Untuk mencapai tujuan di atas
Carin (1993a) menyarankan hal-hal sebagai berikut:
1.
Memberikan
bantuan agar siswa dapat memahami tujuan dan prosedur kegiatan yang dilakukan.
2.
Memeriksa
bahwa semua siswa memahami tujuan dan
prosedur kegiatan yang dilakukan.
3.
Sebelum
kegiatan dilakukan menjelaskan pada siswa tentang cara bekerja yang aman.
4.
Mengamati
setiap siswa selama mereka melakukan kegiatan.
5.
Memberikan
waktu yang cukup kepada siswa untuk mengembalikan alat dan bahan yang
digunakan.
6.
Melakukan
diskusi tentang kesimpulan untuk setiap jenis kegiatan.
5.
Sintaks
Pembelajaran Penemuan Terbimbing
Tahap-Tahap Kegiatan Guru :
a.
Menjelaskan
Tujuan/mempersiapkan siswa
b.
Menyampaikan
tujuan pembelajaran
c.
Memotivasi
siswa dengan mendorong siswa terlibat dalam kegiatan
d.
Orientasi
siswa pada masalah
e.
Memberikan
masalah sederhana yang berkenaan dengan materi pembelajaran
f.
Merumuskan
hipotesis
g.
Membimbing siswa dalam merumusknan
hipotesis sesuai dengan masalah yang ada
h.
Melakukan
kegiatan penemuan
i.
Membimbing siswa melakukan
kegiatan penemuan dengan mengarahkan siswa untuk memperoleh informasi yang
diperlukan
j.
Mempresentasikan
hasil kegiatan penemuan
k.
Membimbing
siswa dalam menyajikan hasil kegiatan, merumuskan kesimpulan/menemukan konsep
l.
Mengevaluasi kegiatan
penemuan
m.
Mengevaluasi
langkah-langkah kegitan yang telah dilakukan
Pembelajaran penemuan terbimbing
pada dasarnya berusaha untuk memadukan metode teknik pengajaran yang berpusat
pada guru ( teacher centered) dengan teknik pengajaran yang berpusat pada siswa
( student centered).
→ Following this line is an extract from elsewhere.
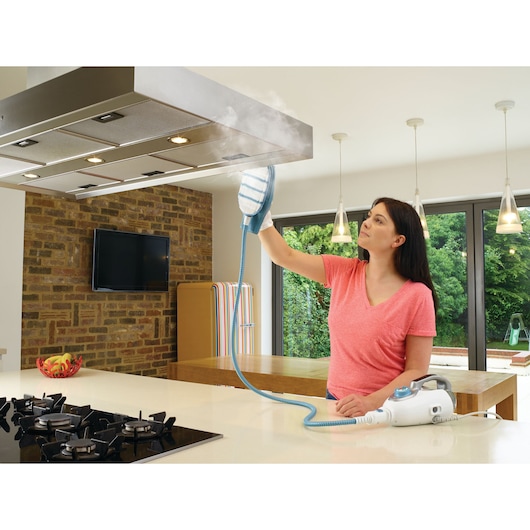 A person using a BLACK+DECKER steam cleaner to clean a kitchen extractor hood. The steam cleaner is white with blue accents and is emitting steam during the cleaning process.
Penemuan terbimbing membantu siswa belajar untuk
mempelajari dan mendapatkan pengetahuan dan membangun konsep yang secara unik
mereka miliki karena mereka menemukan sendiri. Penemuan terbimbing adalah
bagaimana (maha)siswa mampu menyususn kembali data, agar mereka mampu
berkembang melampaui fakta sebelumnya dan menyusun konsep baru. Penemuan
terbimbing melibatkan siswa menemukan pengertian-pengertian mereka sendiri,
dalam hal pengorganisasian (Carin, 1993).
6.
Penerapan
Pembelajaran Penemuan Terbimbing
Adapun menurut Syah (2004:244)
dalam mengaplikasikan model Discovery
Learning di kelas tahapan atau prosedur yang harus dilaksanakan dalam kegiatan
belajar mengajar secara umum adalah sebagai berikut:
a) Stimulation (stimulasi/pemberian rangsangan).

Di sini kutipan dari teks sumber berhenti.